The accelerated support allows for the submission of an NDA for evaluation based on outcomes of phase II drug trials for the therapy of diseases with unmet needs. Notably, the procedure for SCLC has not changed considerably in more than two decades, with the approval of topotecan in 1996. Historically, acknowledgment rates with that agent in this set range from 5% to 24%, with a median overall survival of 6 to 8 months.

“It is excellent to see some different healing options arriving for small cell lung cancer patients, who represent a major unmet medical necessity,” Charles Rudin, MD, chief of the thoracic oncology service and co-director of the Druckenmiller Center for Lung Cancer Research at Memorial Sloan Kettering Cancer Center in New York, NY, said in a statement.

Adverse events (AEs) across all grades happened in 84.8% of patients, with 34.3% of patients experiencing a grade ≥3 AE. Serious AEs were observed in 10.5% of patients. AE-related discontinuations, dose delays, and dose reductions occurred in 1.9%, 22.1%, and 26.3% of patients, respectively. There were no AE-related deaths.
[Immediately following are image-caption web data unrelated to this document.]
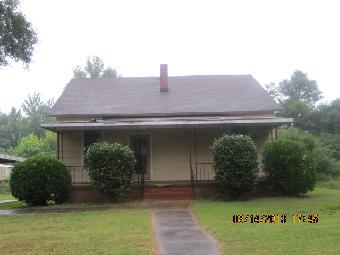 1019 E 3rd Ave, Lanett, AL 36863 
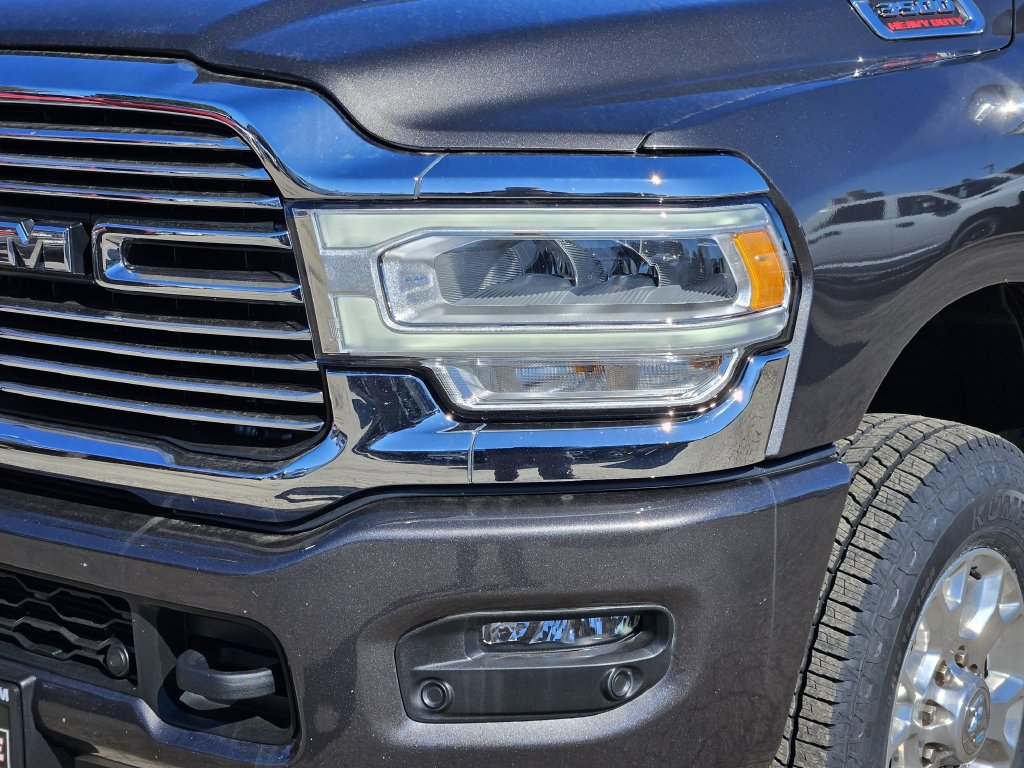 Used 2024 RAM 3500 Laramie w/ Towing Technology Group AWD/4WD image 5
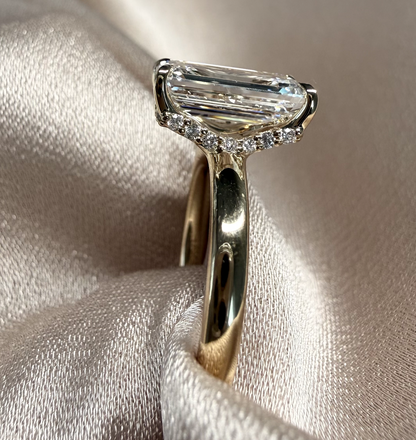 Aurora emerald hidden halo lab diamond 2.01ct E VVS2 engagement ring | 18 yellow gold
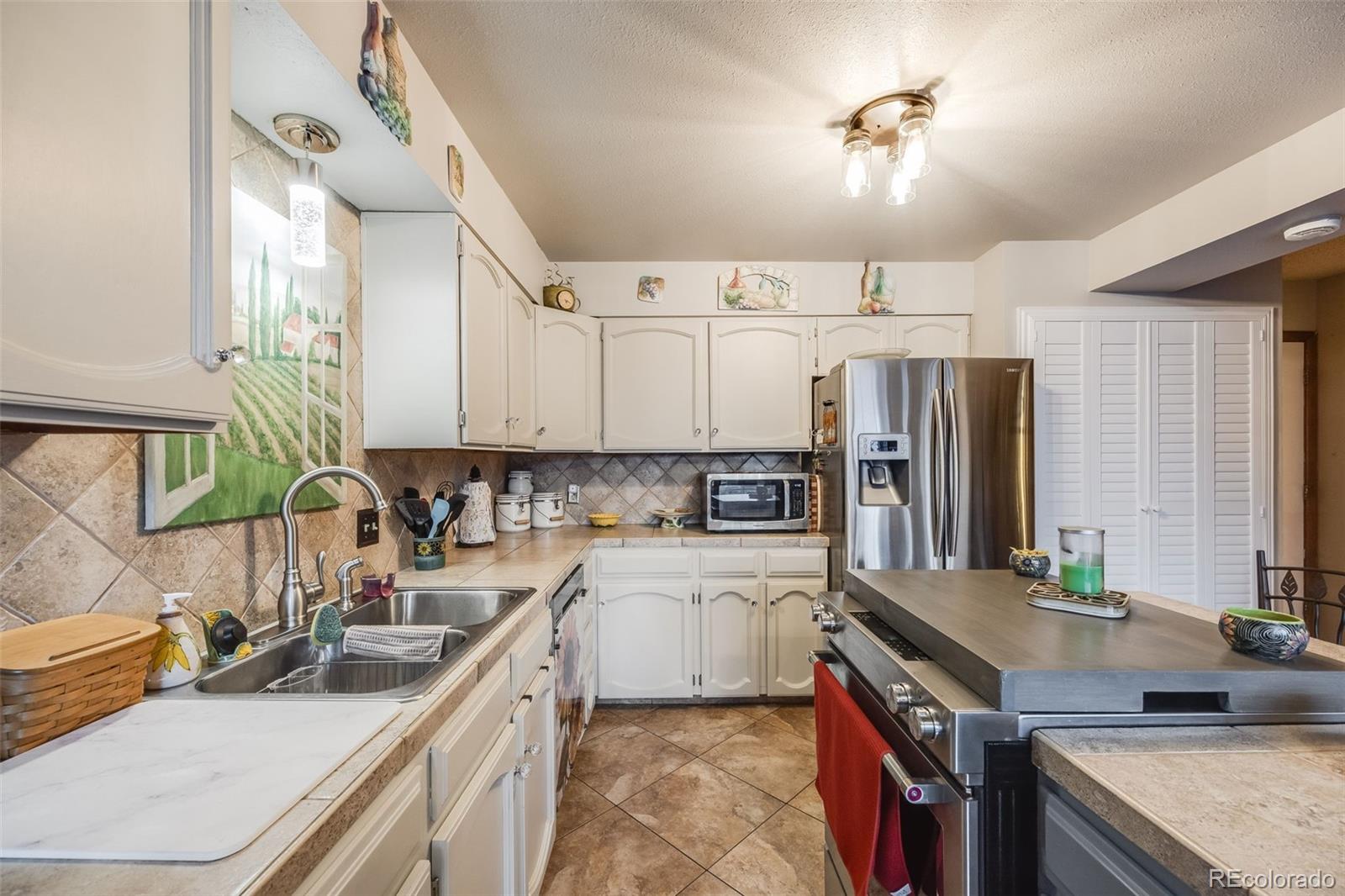 MLS Image #13 for 1838  brookdale drive,colorado springs, Colorado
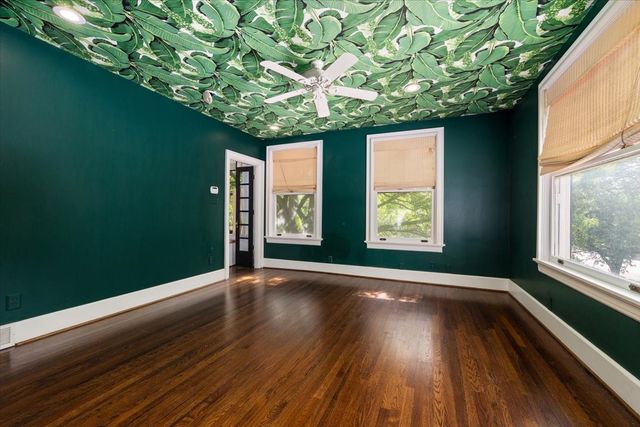 4720 Collinwood Avenue, Fort Worth, TX 76107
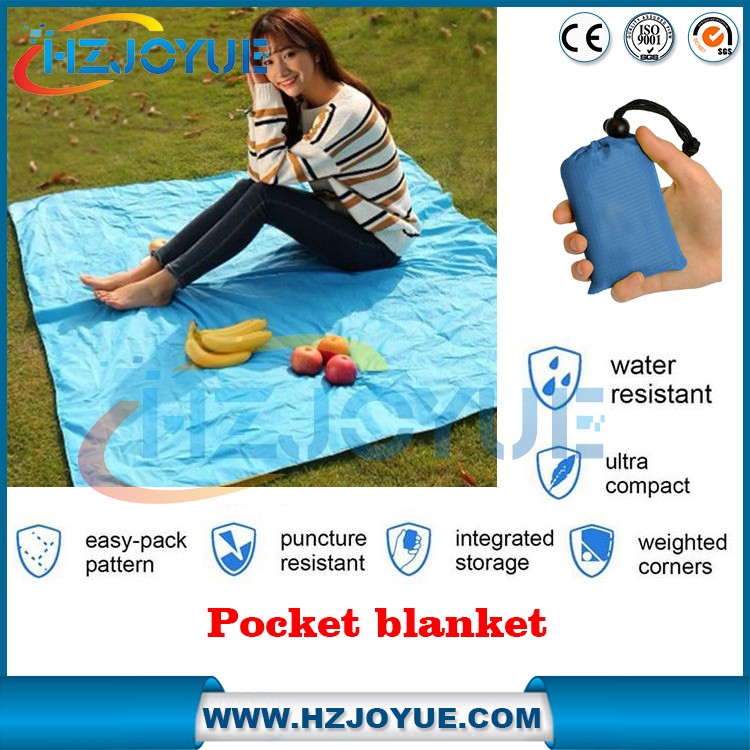 pocket blanket waterproof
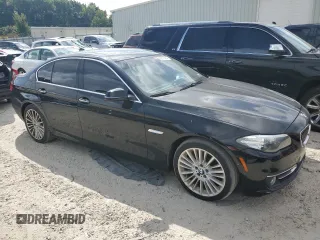 2015 BMW 5 Series 550i z VIN WBAKN9C5XFD960897, wystawiony jako Copart lot #68175054 z przebiegiem 164 761 mil mil oraz Czysty tytuł • Clean title. Historia ofert i sprzedaży dostępna na DreamBid. Obrazek 4.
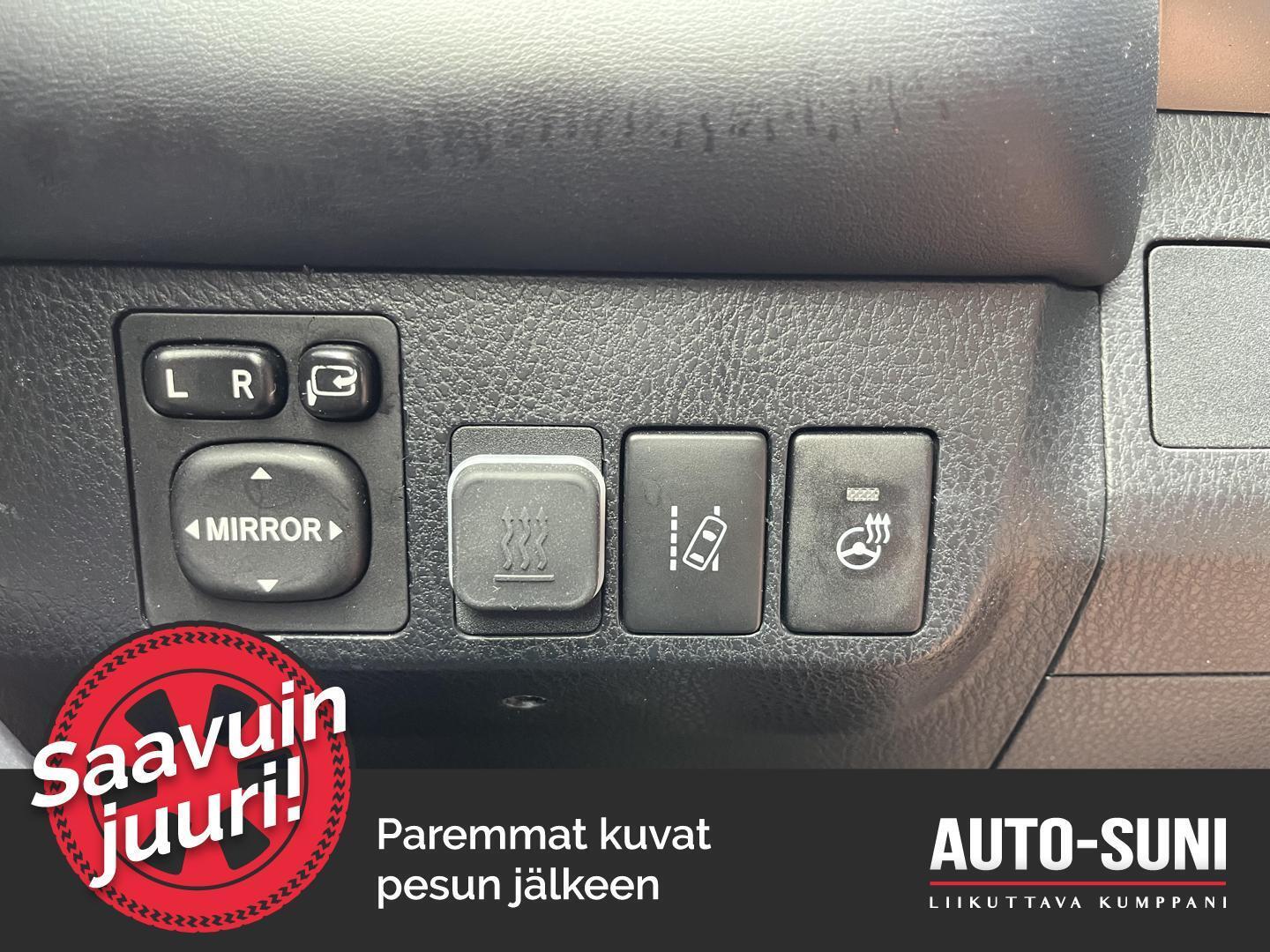 TOYOTA RAV4 2018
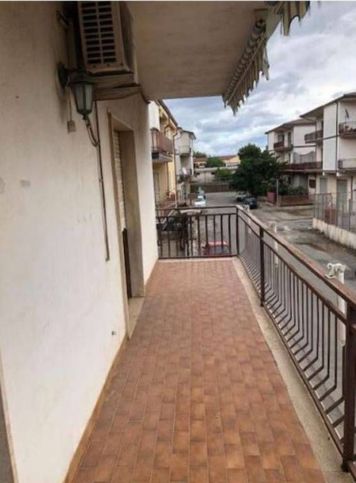 Appartamento in residenziale in Via Vittorio Squillaci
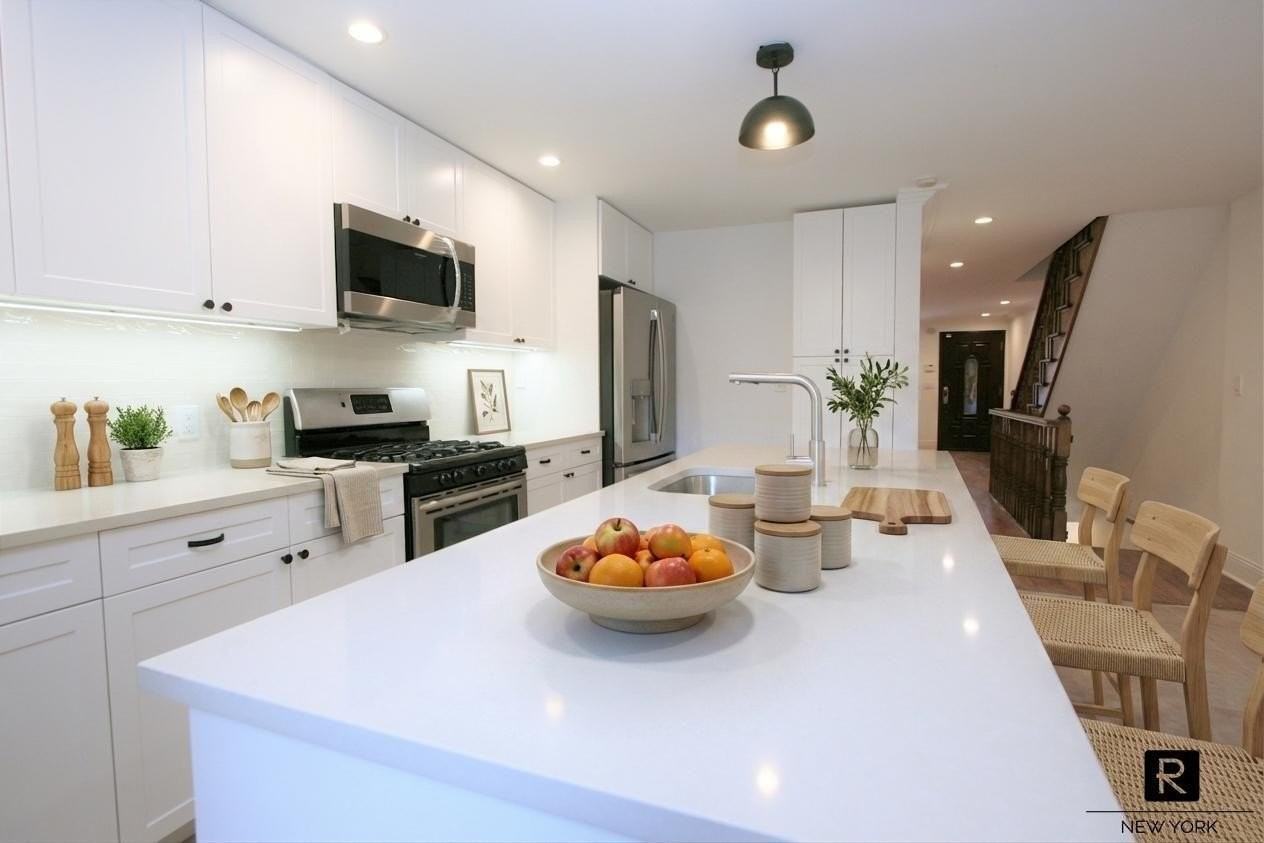 58 6th Ave #1 - Photo 3 of 18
The most common grade 1/2 AEs included fatigue (51.4%), nausea (32.4%), decreased appetite (21.0%), vomiting (18.1%), diarrhea (12.4%), constipation (9.5%), and neutropenia (5.7%). Grade 3/4 AEs included neutropenia (22.9%), anemia (6.7%), fatigue (6.7%), thrombocytopenia (4.8%), febrile neutropenia (4.8%), pneumonia (1.9%), increase ALT level (1.9%), skin ulcer (1.0%), and diarrhea (1.0%).

Oleg Kasenkov

Oleg Kasenkov has an experience of helping people to make the most efficient healthcare decisions. For a long time, he helped people to locate the best healthcare professional for their particular need and assisted in saving money on prescription drugs. On the top of that, he used to work with medical insurance plans and consulting patients on their medical coverage.